Apesar do movimento positivo, custos elevados de operação, crédito mais restrito e margens apertadas seguem como pontos de atenção. Empresários relatam preocupação com juros ainda altos, dificuldades de financiamento e aumento nos custos logísticos e de insumos, fatores que limitam decisões mais ousadas, como ampliação de estoques ou contratações.
No varejo, produtos ligados às festas, como alimentos, bebidas, presentes e itens de decoração, lideram as vendas. Já no setor de serviços, bares, restaurantes e empresas de turismo sentem um aumento gradual na demanda, especialmente em destinos nacionais.

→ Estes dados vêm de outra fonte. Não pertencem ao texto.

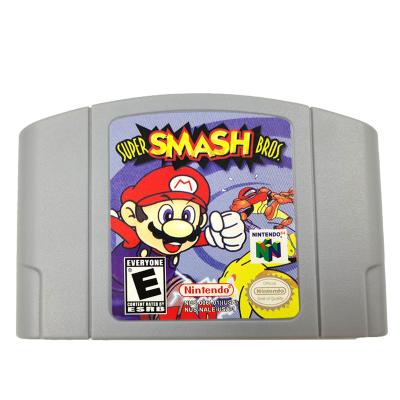 China Plastic N64 Game Card Us Version For N64 The Diddy Kart Racing 64 Video Game Cartridge Card for sale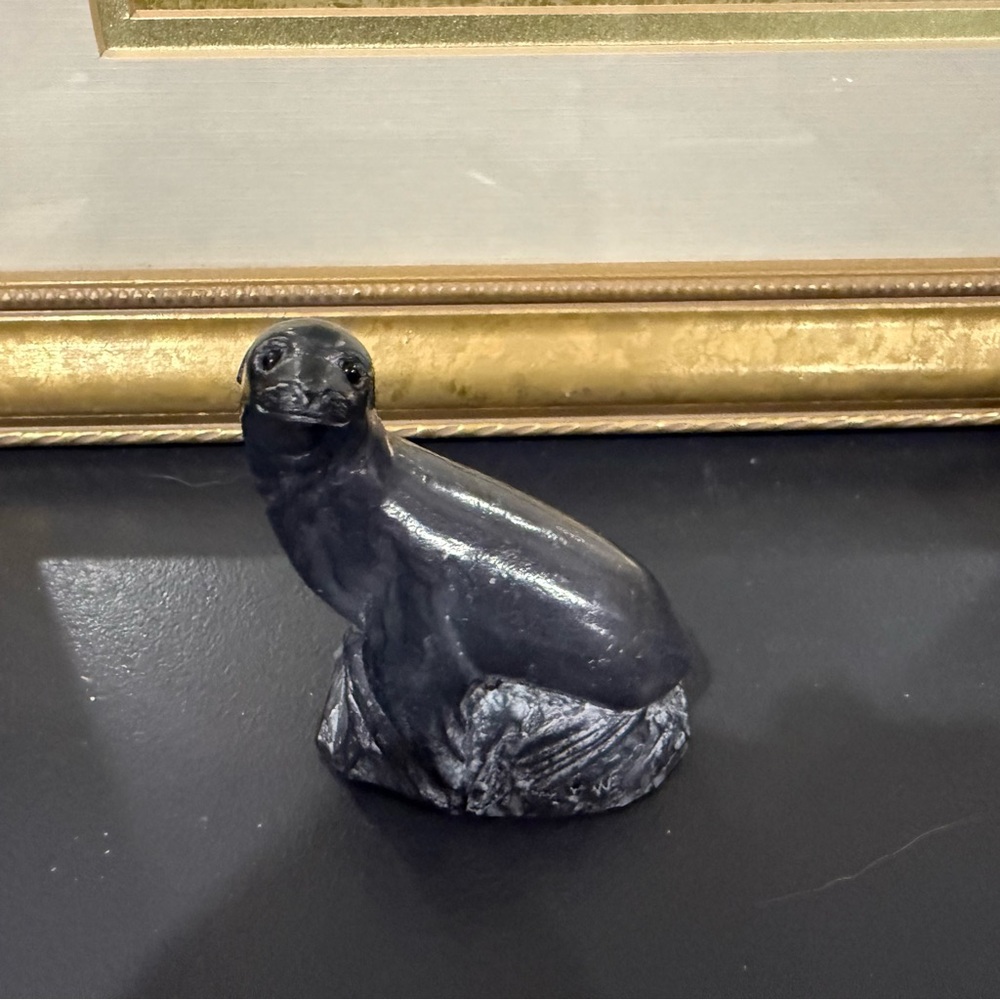 Seal Sculpture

Economistas avaliam que o aquecimento do consumo é consistente com o período, mas ainda não representa uma retomada robusta. O comportamento do consumidor segue marcado por cautela, com compras mais planejadas e busca por promoções. A tendência é de crescimento moderado, sem grandes excessos.

Pequenos e médios empresários, em especial, adotam uma postura conservadora. Muitos optam por trabalhar com estoques enxutos e evitar endividamento, aguardando sinais mais claros sobre o cenário econômico de 2026.
A expectativa é que o desempenho do comércio neste fim de ano ajude a sustentar a atividade econômica no curto prazo, mas sem eliminar as incertezas. O equilíbrio entre consumo aquecido e gestão cautelosa deve marcar o fechamento do ano para o setor produtivo.